Saint-Etienne-du-Rouvray (France) (AFP) – Chrétiens et musulmans ont rendu hommage vendredi au prêtre égorgé par deux jihadistes dans une église de Saint-Étienne-du-Rouvray, alors qu’un homme, chez qui avait été retrouvée une vidéo d’un des auteurs de l’attaque, a été mis en examen dans la soirée.

Âgé de 19 ans, « fiché S » (signalé pour radicalisation), cet homme avait été arrêté le 25 juillet, veille de l’attentat, dans le cadre d’une enquête distincte des services de renseignement. Une vidéo d’Abdel Malik Petitjean, où celui-ci prêtait allégeance au groupe État islamique (EI) et évoquait « une action violente », avait été retrouvée dans un téléphone à son domicile.

Trois personnes étaient toujours en garde à vue vendredi soir dans l’enquête spécifique sur l’attentat, parmi lesquelles un mineur de 16 ans.
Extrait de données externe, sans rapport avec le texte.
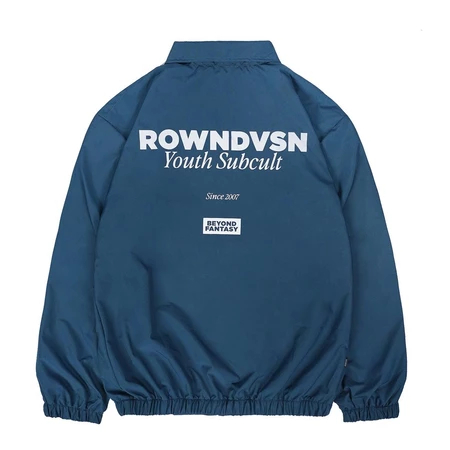 Jual Rown Division Storage Tracksuit Jacket - Rowndvsn Jaket Parasut ...
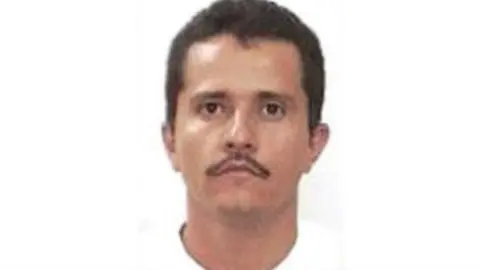 Mexico's most wanted drug lord 'El Mencho' killed in military operation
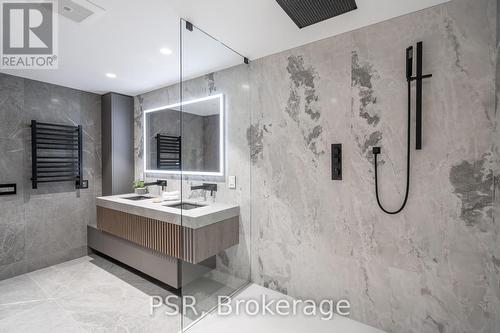 702 - 1700 Avenue Road, Toronto, ON - Indoor Photo Showing Bathroom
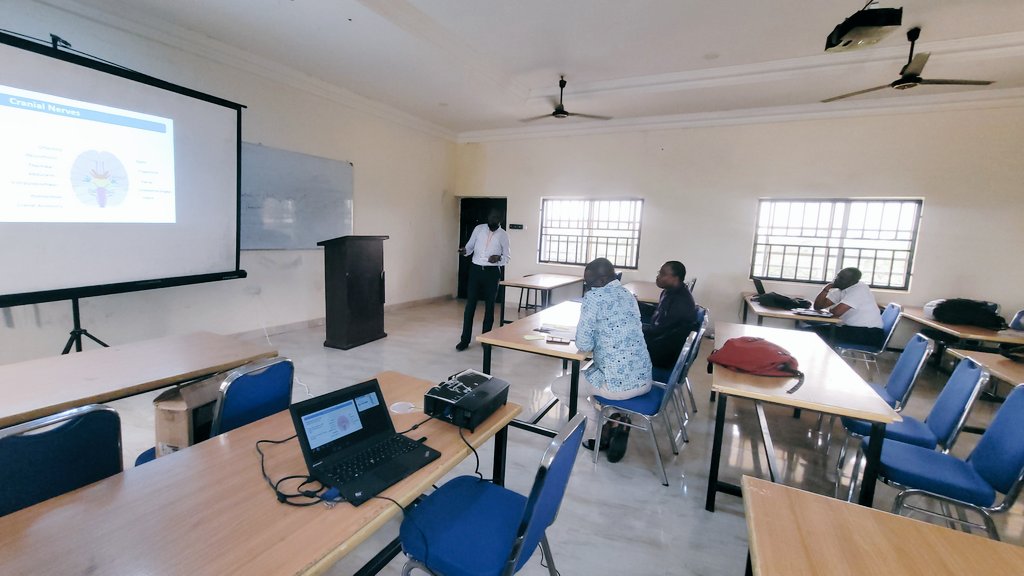 aasadeequ's tweet image. Day 6
Students presentation and #BioRTC2024 lab tour. We appreciate His Excellency, the 001 of Yobe state
#BioRTCTTW2024
@SONAorg @rpbiney @juliano_sharon @BioRTCNig @afribioimaging @HonMala
@GovtYobeState
@mahmoudbukar
@TReNDinAfrica
@ChanZuckerberg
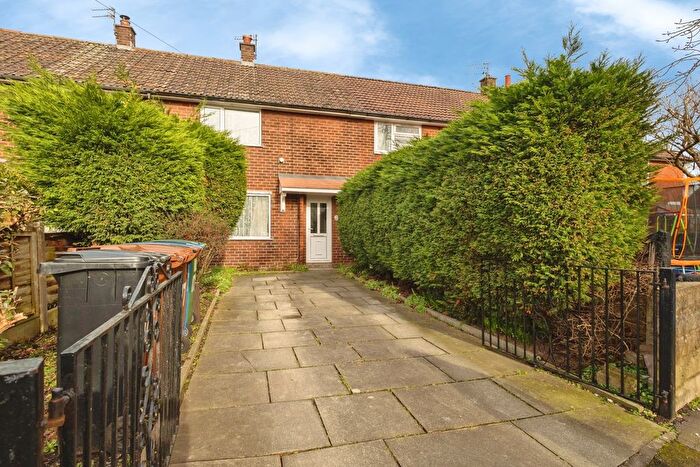 2 Bedroom Terraced House For Sale In Surrey Way, Stockport, Greater Manchester, SK5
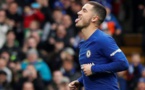 Le salaire le plus élevé de l'histoire de Chelsea proposé à Hazard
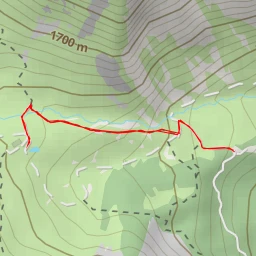 route thumbnail VWW 58.52 - Bregenzerwaldstraße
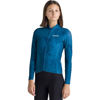 Picture of Bianchi Milano Classic Long Sleeve Jersey Unisex - teal TE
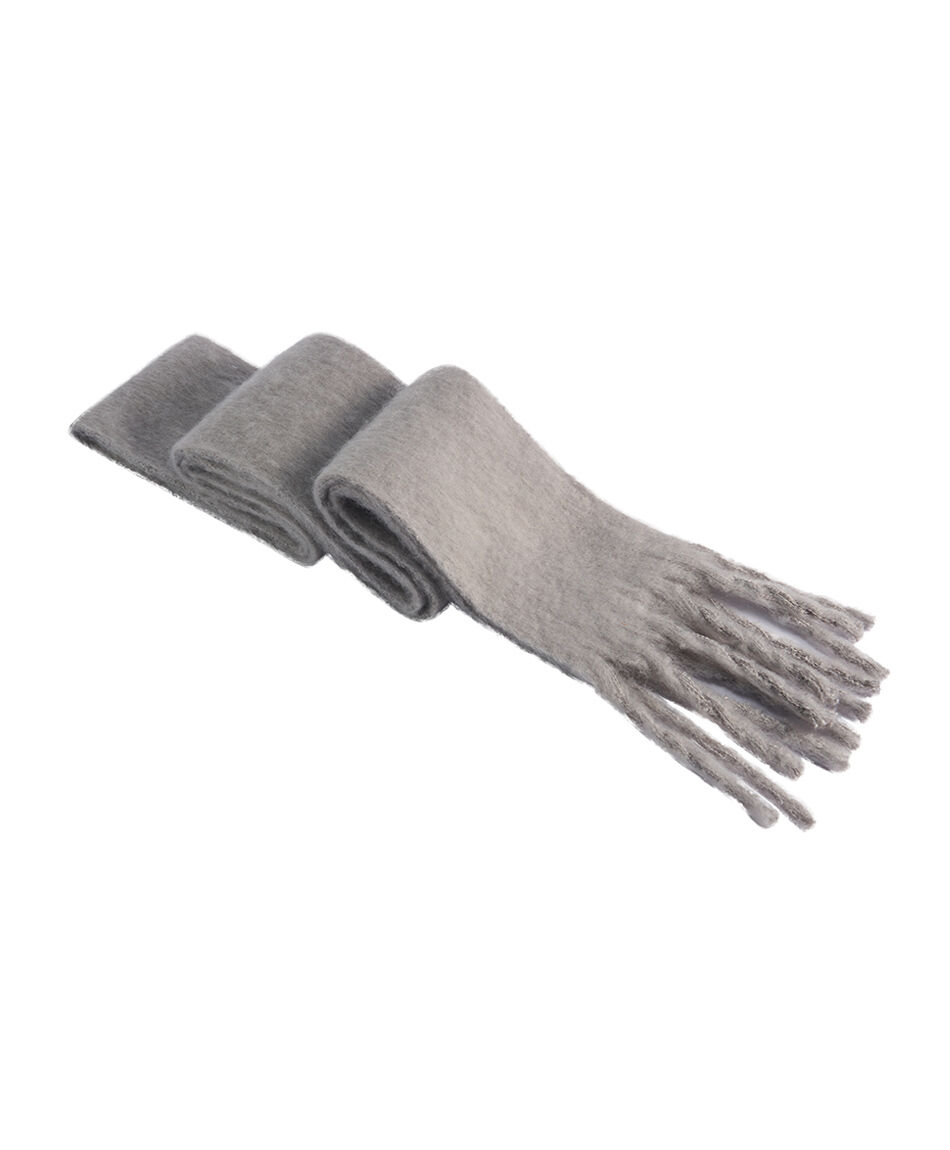 Bufanda mujer casual moderna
Son frère, proche de l’autre assaillant, Adel Kermiche, est parti dans la zone irako-syrienne. 

Le deuxième est un Français de 30 ans, dans l’entourage familial de Petitjean, qui réside en Meurthe-et-Moselle. Les enquêteurs cherchent à savoir « s’il aurait pu avoir connaissance d’un projet d’attentat fomenté par le tueur ».
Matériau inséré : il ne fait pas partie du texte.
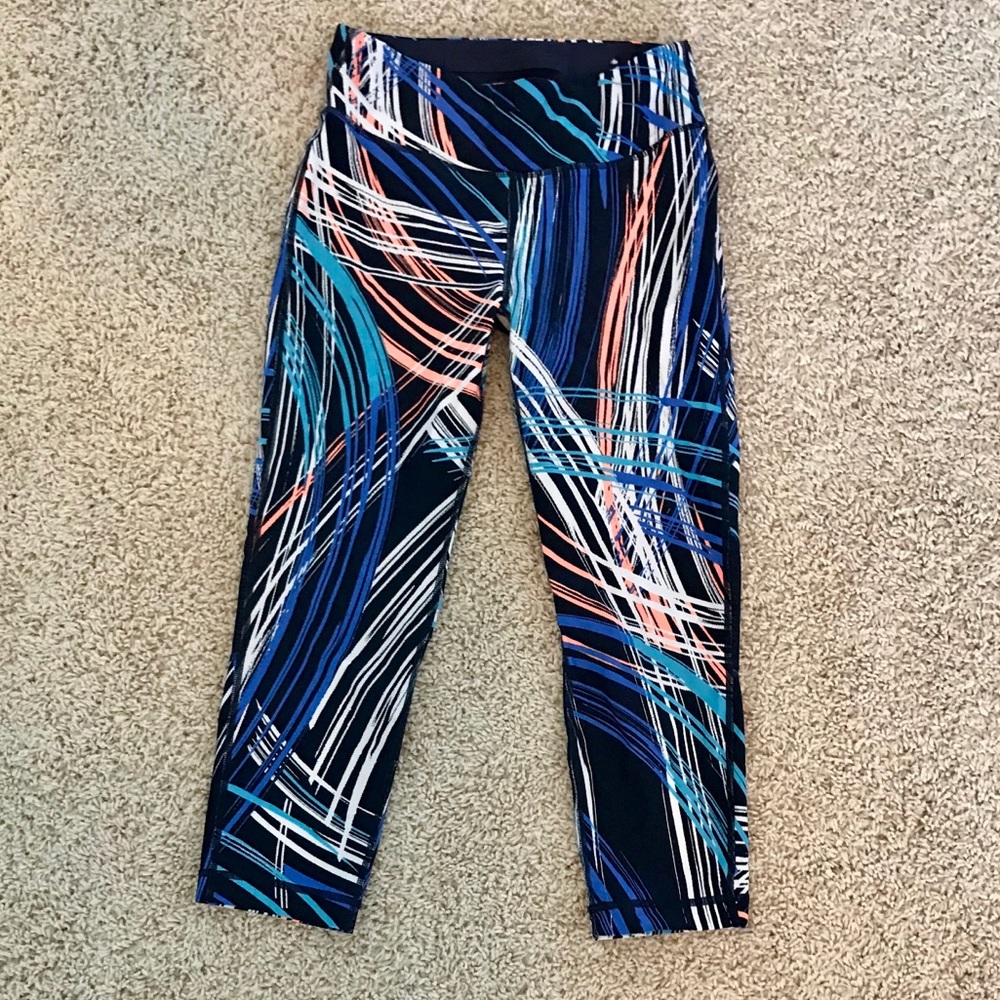 Tommy Hilfiger Sport crop leggings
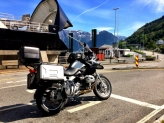 Ferry at Utne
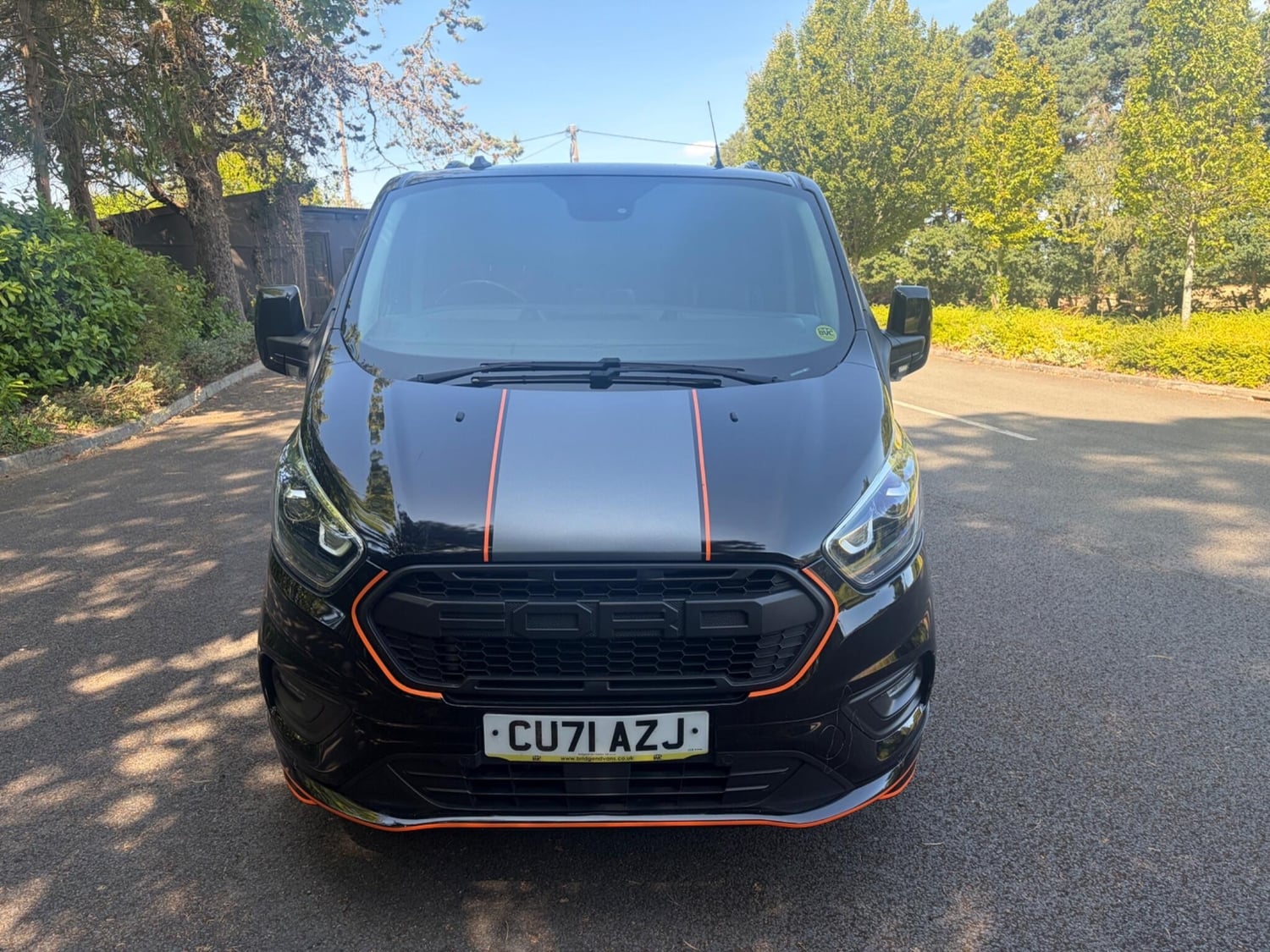 Ford Transit Custom 2021 - Vans & Commercial Vehicles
Enfin, un demandeur d’asile syrien a été interpellé dans l’Allier, alors qu’une photocopie d’un passeport syrien a été retrouvée au domicile d’Adel Kermiche. « Les enquêteurs cherchent à savoir s’il pourrait s’agir de cet homme », a expliqué une source proche de l’enquête.
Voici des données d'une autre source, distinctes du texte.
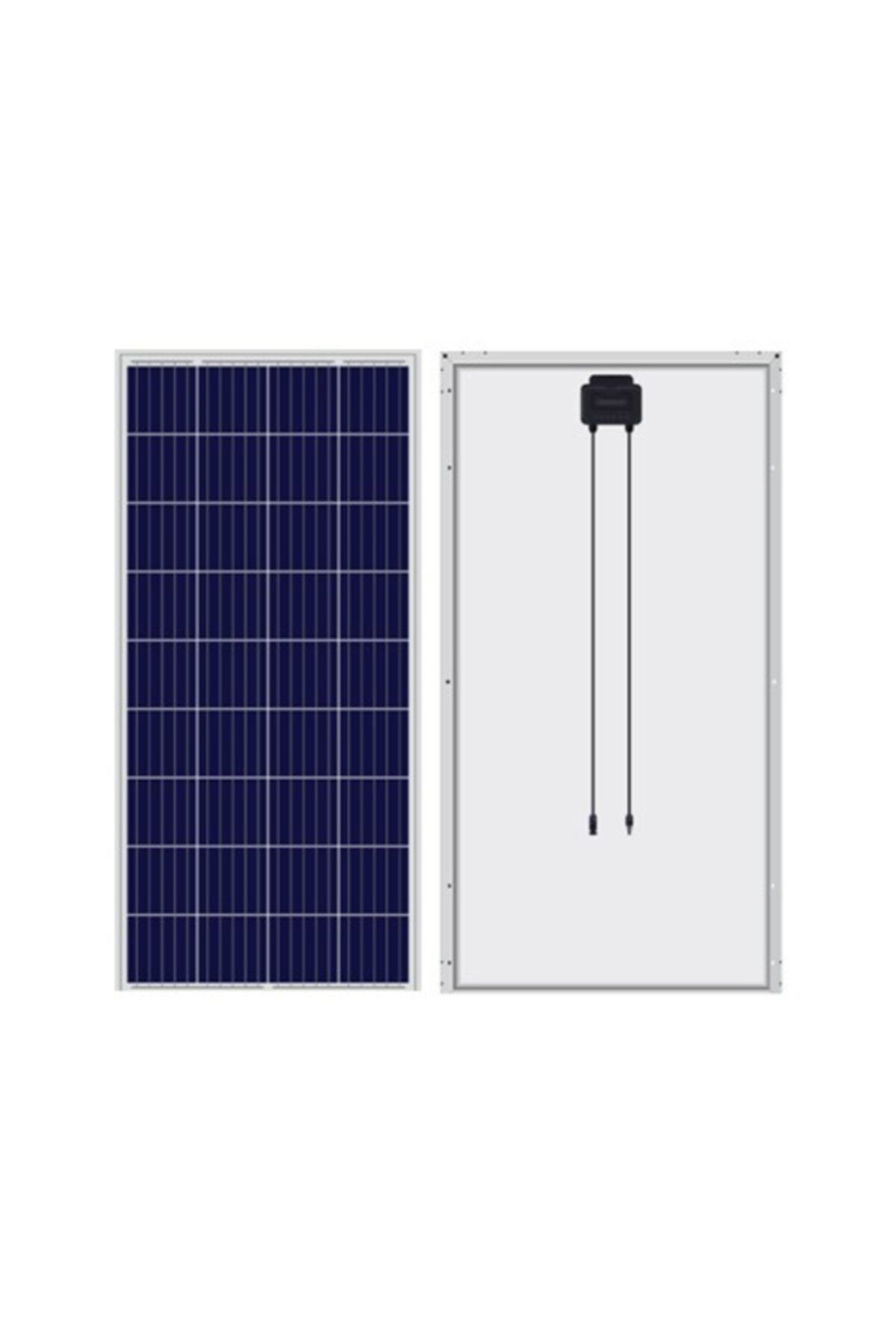 Lexron 170 Watt Polykristal Güneş Paneli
Par ailleurs, une troisième enquête est en cours, dans laquelle un Français de 20 ans, fiché « S », a été interpellé. Il s’était rendu en Turquie début juin avec Petitjean avant d’être refoulé.

– « Partager la douleur » –

Donnant parfois lieu à d’émouvantes scènes de communion dans la peine, les hommages se sont poursuivis vendredi, trois jours après l’assassinat du Père Jacques Hamel, 85 ans, égorgé lors d’une prise d’otages dans son église, près de Rouen, revendiquée par l’EI.

« Vous partagez notre douleur. Cette douleur est aussi la vôtre », a déclaré le curé de Saint-Étienne-du-Rouvray, Auguste Moanda, devant des musulmans et plusieurs dizaines de chrétiens de la ville, lors de la prière du vendredi à la mosquée.

« Je voudrais rassurer mes frères, ce que l’on voit, ce n’est pas le vrai islam. Nous devons nous serrer les coudes », a-t-il ajouté.

Après la prière, de nombreux musulmans et musulmanes de tous âges se sont recueillis en silence pendant plusieurs minutes devant l’église où Jacques Hamel a été assassiné.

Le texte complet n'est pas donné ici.